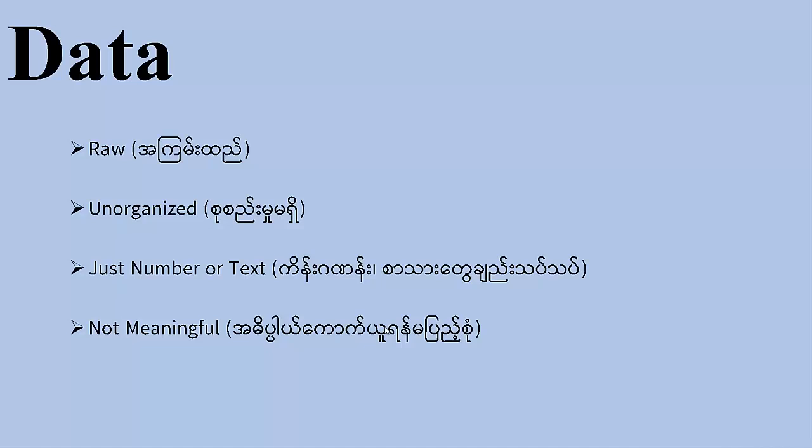When the student uses my daily experience, and in the same way, the data will be used as a data-driven type. The data will be used as a data-driven type of data.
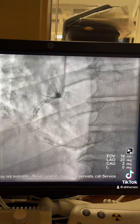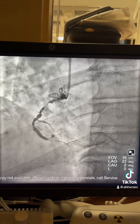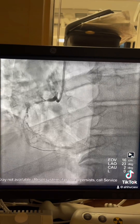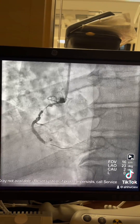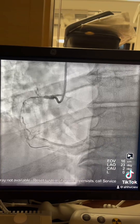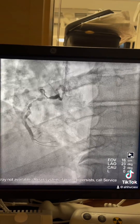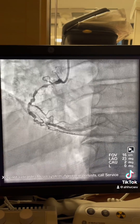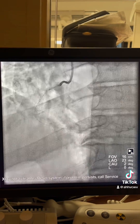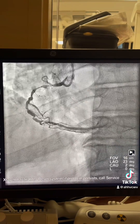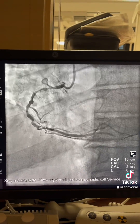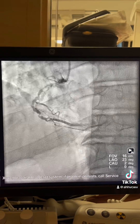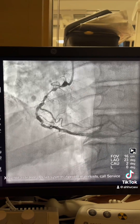Post multiple inflations in the proximal and mid segment, we can visualize the distal RCA. Redirected the wire to distal RCA toward PDA, then performed multiple inflations with an upgraded balloon.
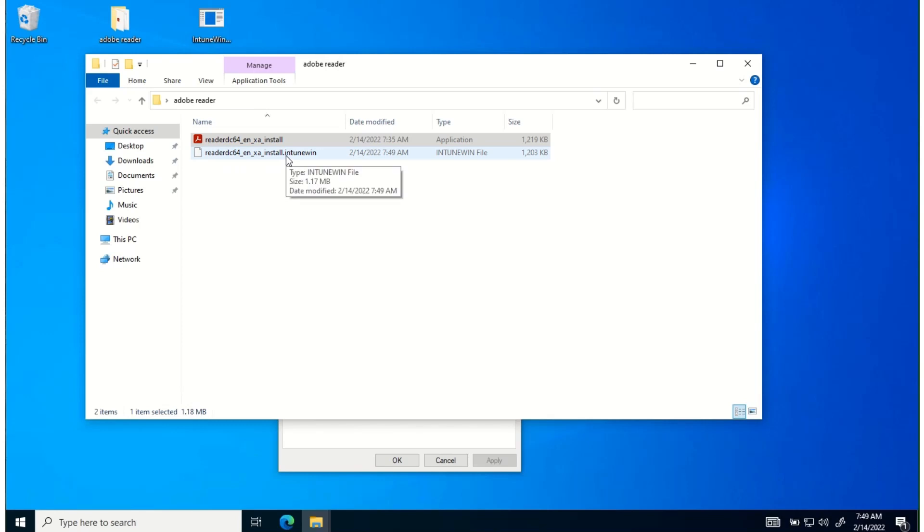This is the file that will be used to upload into Intune that we can use when we deploy applications to users and devices. That's how you establish the package.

• **TASK**
Would you copy out the material above exactly, without the pictures in it?

• **TASK RESPONSE**
When the student uses my daily experience, and in the same way, the data will be used as a data-driven type. The data will be used as a data-driven type of data.
Post multiple inflations in the proximal and mid segment, we can visualize the distal RCA. Redirected the wire to distal RCA toward PDA, then performed multiple inflations with an upgraded balloon.
This is the file that will be used to upload into Intune that we can use when we deploy applications to users and devices. That's how you establish the package.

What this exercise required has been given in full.